An imminent correction in global equity markets is coming

In previous blogs I have alluded to the fact that the next 10-15 years will be punctuated by a succession of boom-bust events. The reason is that the fundamentals for the global economy are very good. The problem is that there is a process of adjustment under-way, and the Fed and other central banks are making sure that it comes sooner rather than later. They are doing so because, having caused an economic crisis by attempting to sustain the unsustainable boom, they are now attempting to sustain the 'normalcy' of the current 'persistent recession'. Well, recession if you are unskilled labour in the West. If you are skilled, or living in emerging markets, you're probably not going to feel what is about to happen.
I'm expecting in the next week, maybe even overnight, a correction to start in the S&P500. I expect the S&P500 to start falling from around 2000 at present to a support level of 1600pts. That's a 20% fall. I'm actually expecting the ASX-200 (Australian) market to fall back from 5624 to around 4950-5000 point mark. The reason is that resources are priced low, so the Australian market is relatively subdued anyway.

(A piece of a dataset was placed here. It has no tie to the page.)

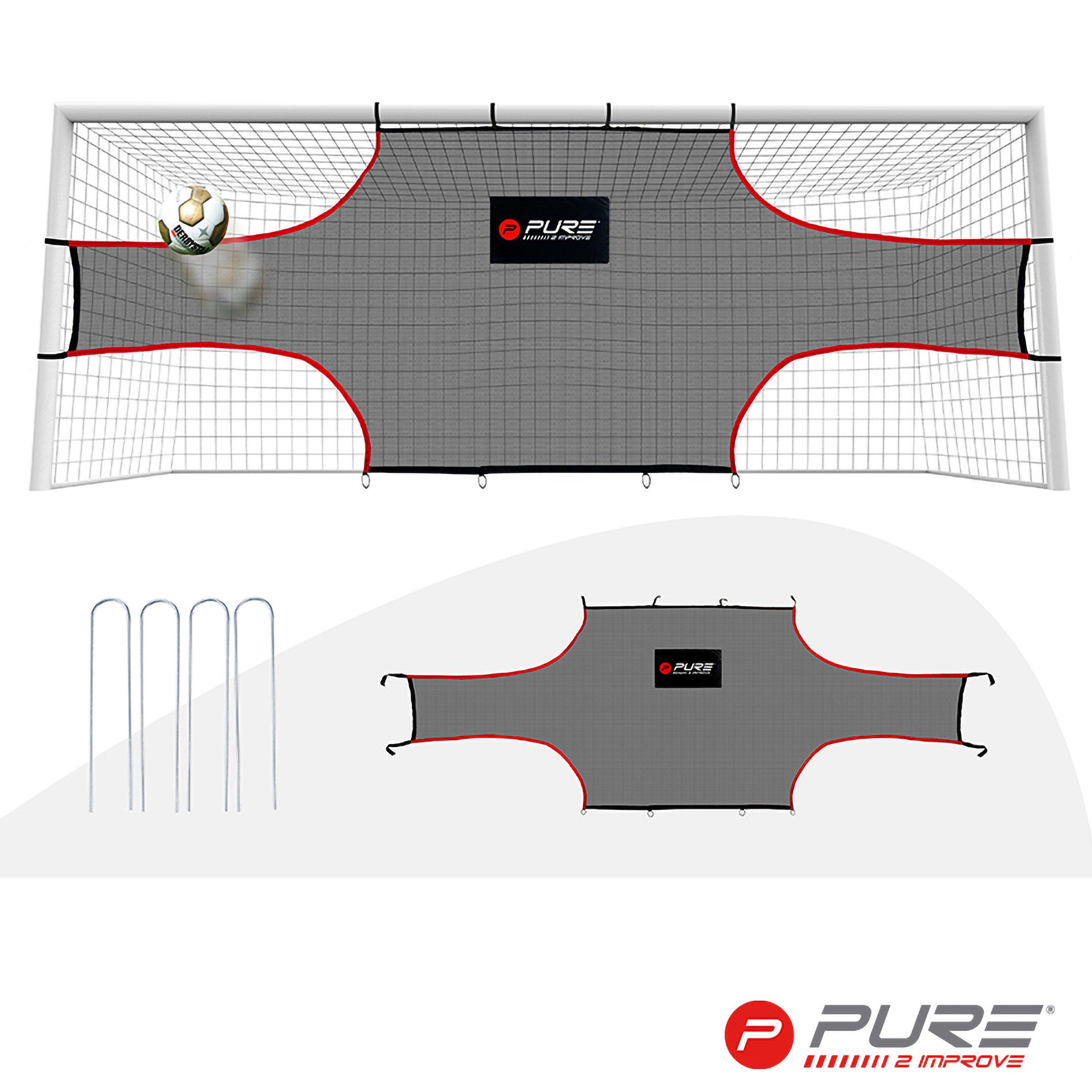 Grey - Pure2Improve - Football Goal Corner Practice Net - 1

In either case, after these 'asset price' corrections, these markets will recover quickly, and I fully expect that by the end of 2015, they would have reclaimed those losses. The reason is because the current rally was too strong, too fast, and the evidence or justification for it will probably not emerge to later in the year.

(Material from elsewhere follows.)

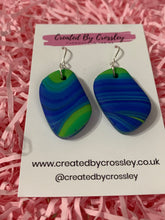 Load image into Gallery viewer, Blue and Green Clay Earrings
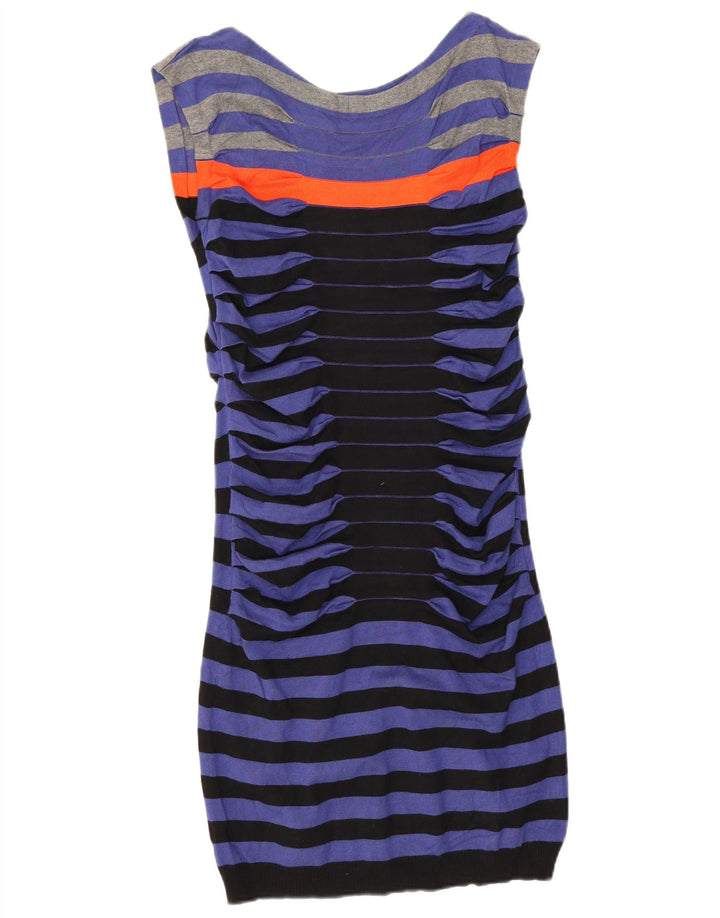 Ted Baker Womens Bodycon Dress Size 3 Medium Blue Striped Viscose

I reiterate the global market outlook is fundamentally good. Its just in the short term assets are overpriced, and there is a need for a correction to allow reasonable value to be sustained. The reason I've expecting a correction is because:
1. Asset prices are very high - the best evidence is probably this Forbes media article, which was published back in July 2014. Since then, the S&P500 has climbed even further to 2000pts. They didn't pick a 'level'. They were purely going off fundamentals. Well, now you have a technical 'indicator'.
2. The uptrend has been broken - see the chart above - care of Google Finance
3. The S&P500 is at an important psychological level - its not breaking the 2000 point level convincingly, but rather wallowing around it. I would argue that it is being sold into. Even in the resources market, for the last 2 weeks, I have sensed that the market was being 'sold into'. People were unloading, expecting a correction.

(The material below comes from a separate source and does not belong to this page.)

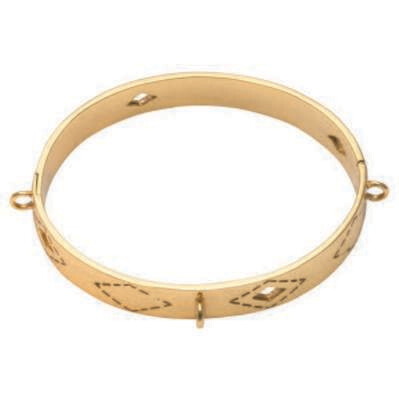 Nikki Lissoni Wild Spirit Bangle of 1cm with Three Loops Where Charms Can Be Attached Gold-Plated 1…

4. You don't get a rally after a persistent rally like the one we've just had. The market needs a correction. It has been 7 years since the last correction - so we are due for another. Now, also note that this 'bubble' is bigger than the last 'bubble'.

Now, there are people arguing that this will be the end of the world...swarms of locusts will inherit the Earth. I'm not in that crowd. I'm arguing that this is simply an opportunity cost that you can avoid. It would be sad if you retained your shares now, because you can buy them back cheaper soon. But if you don't, do it at a reasonable price, just hold them because you'll probably get a bad re-entry price anyway. In any case, you probably have cash to buy more later - and you should do that. Don't sell during the collapse because you might get really bad prices. Maybe you want to hedge your bets if you are uncertain...if stocks are akin to gambling to you. I suspect however there will be some logic in what I say. I'm not even arguing that there is some imminent rise in interest rates. I think interest rates are staying low. There might be a modest increase in some countries worried about 'bubbly asset prices', but it will be intended to discourage you buying property rather than to 'tighten lending' to slow the economy'...in which no one is spending except on investment property. 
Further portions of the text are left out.